2021: Year in Review
It’s time for Rick Bell’s sixth annual Year in Review, and 2021 has been a year to remember (or try to forget).
My first career was as a news photographer, and I like to keep a camera handy to record things worth shooting.
This year I’ve focused on subjects in Bluff, the Trading Post, and some handsome critters. Here are my favorite shots, month by month.
January: On an unusually overcast and dreary day in late January, a ray of sunshine came through the door and brightened the trading post. This sparkling little cutie went straight to a jewelry case and seemed delighted by what she saw. A future customer?
February: Peggy Black brought in a beautiful large butterfly basket, and we stepped outside to take a shot of her with the work.
We have become so used to wearing our masks, I took several exposures before realizing she was still wearing her face covering.
Bluff has had a mask mandate since the beginning of the pandemic, and what was rare before has now become routine.
March: In the early spring, someone painted the garage behind the San Juan River Kitchen, and Main Street took on an unexpected color scheme.
The brilliant yellow screen and trim explodes off the pink-purple concrete blocks.
As you drive west on Highway 191, you cannot fail to see the new and most original chromatic addition to old Bluff City.
April: Most of these photos were taken on the grounds of Twin Rocks Trading Post, with our side porch above the post as a favorite vantage point.
From the porch, April’s full moon was setting on the horizon when wispy clouds began to rise up to meet the bright light in the sky.
May: On a late May afternoon, the sunset behind the Navajo Twins was painted in gentle shades of blues, pinks, and yellows.
To see that the two giant monuments do not actually touch, it is necessary to go to our backyard.
Every day we watch tourists drive up and lower their windows and shoot the Twins from their car. With a little extra effort and patience, much more powerful images of the monuments are possible.
June: Every year, Priscilla cares for the pots of fountain grass which line the front porch of the post and café. In the late afternoon, the plants are backlighted by the setting sun, producing a line of beautiful white and pink plumes.
July: Twins are pretty important around here, but none are more special than Priscilla’s granddaughters, Lalania and Kaiyra. Lalania says she is taller because she was born one minute before her sister. Both have the deepest dimples I have ever seen.
August: For weeks during the summer of 2021, heavy smoke from the California wildfires settled into our valley, obscuring the normally crystal-clear sky.
The setting sun, viewed through the smoke, looks like a Japanese woodcut in muted grays, blacks, and orange.
September: One Sunday afternoon, I looked out into the parking lot and saw a truck carrying a large steel cage. Going over to see what it contained, I was thrilled to see this magnificent Churro sheep ram.
These sheep, introduced by early Spanish explorers, provided the long silky wool used to create the early Chief blankets.
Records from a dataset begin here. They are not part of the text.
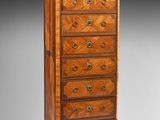 une commode ancienne de style Louis II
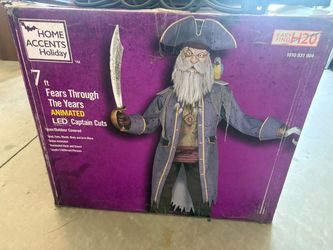 7 Foot Animated Pirate
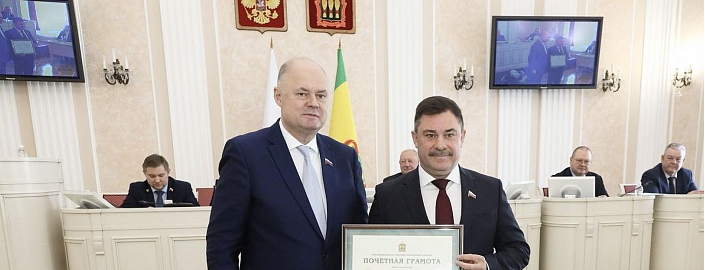 Вадим Супиков поздравил коллег с 30-летием регионального парламента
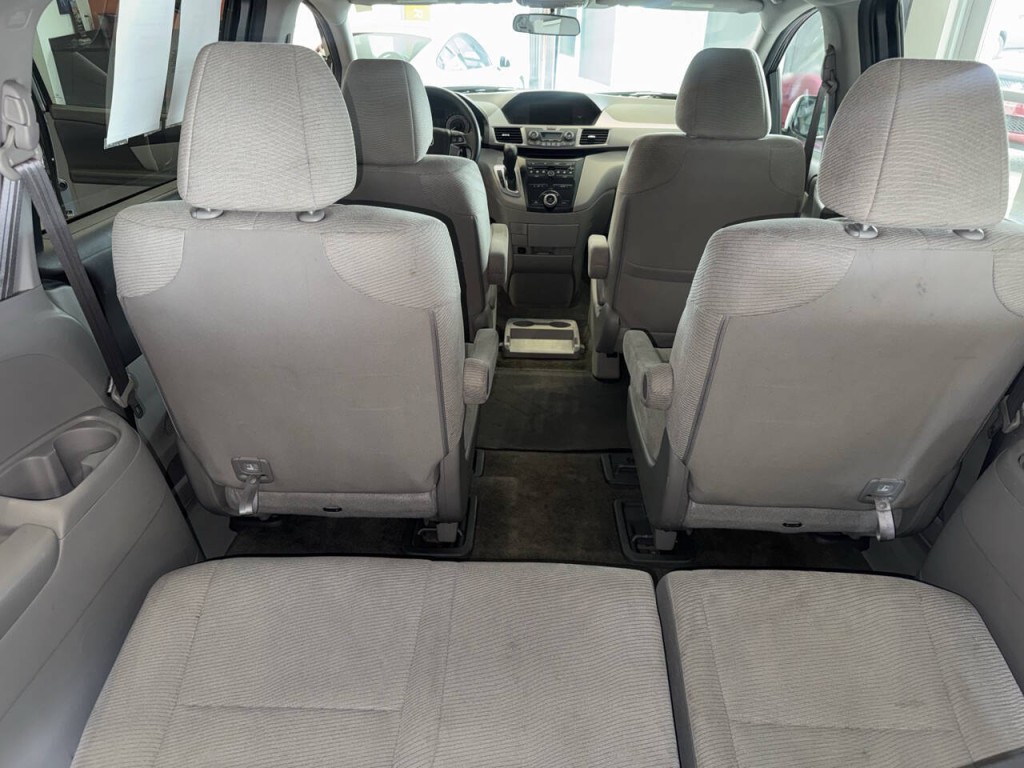 2013 Honda Odyssey Image 25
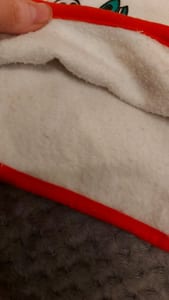Babysweatshirt weiß mit Marienkäfer-Motiv und roten Knöpfen – Größe 92/98 – Bild 2 von 2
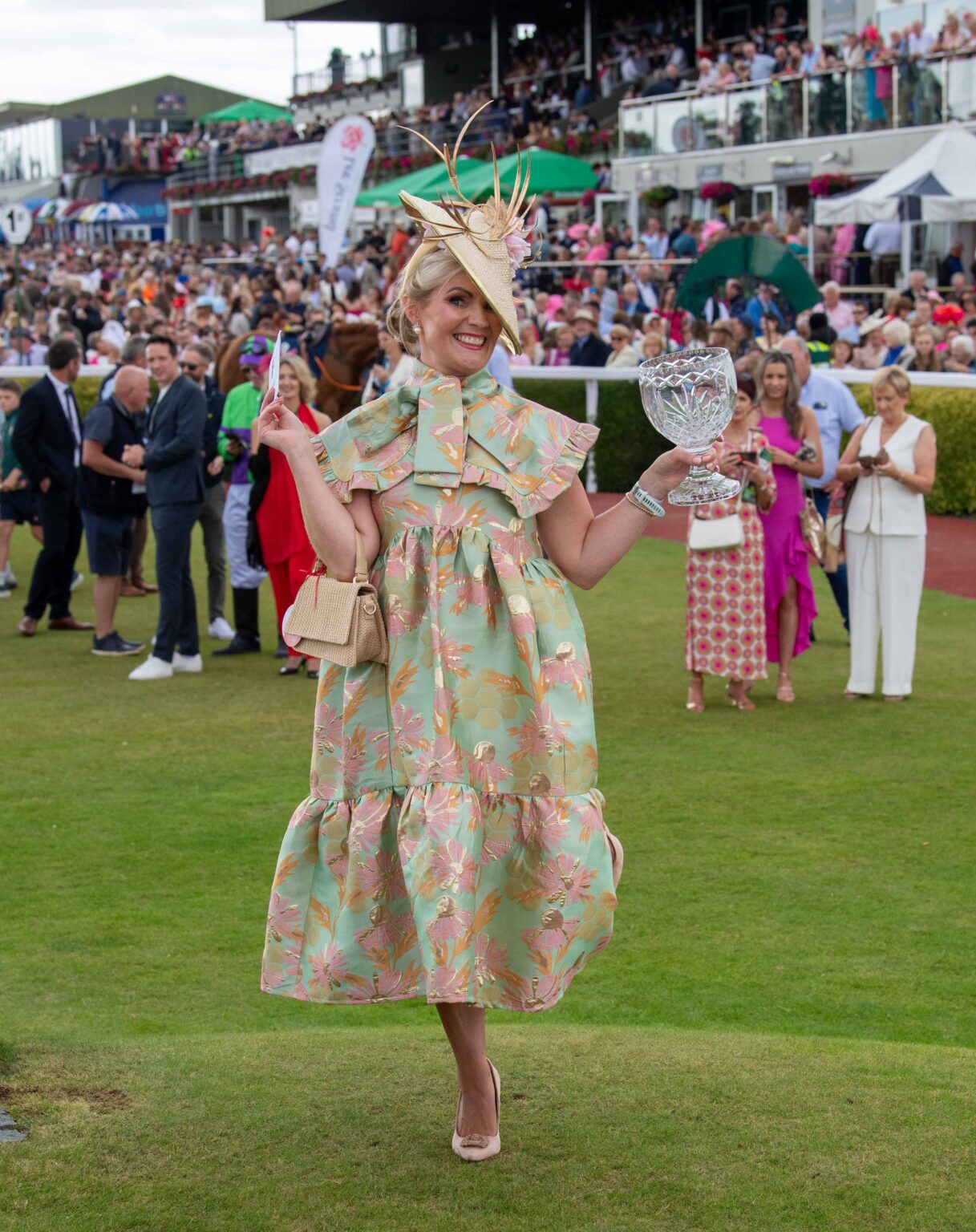 Killarney woman crowned best dressed at Races today - Killarney Advertiser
October: After a powerful all-night rainstorm, the rising sun reveals a beautiful rainbow and lights the rim of the distant western bluffs. Monsoons in the fall brought desperately needed moisture to the area to help fill the San Juan River and stock ponds.
November: Frances, our café’s general manager, cooked up a grand Thanksgiving meal for staff and friends, where we got to spend time with Russy Spencer.
Russy, who calls himself the “Navajo Elvis,” is a great character and master storyteller.
December: Zippy and Spot, our salt-n-pepper pair of female kittens, moved into the apartment a couple years ago and made themselves at home.
Susie spends a great deal of her time feeding them, two ancient feral cats, and lots of birds in the backyard.
Although the kittens have been provided with heated condos, they seem to enjoy the indoor life more.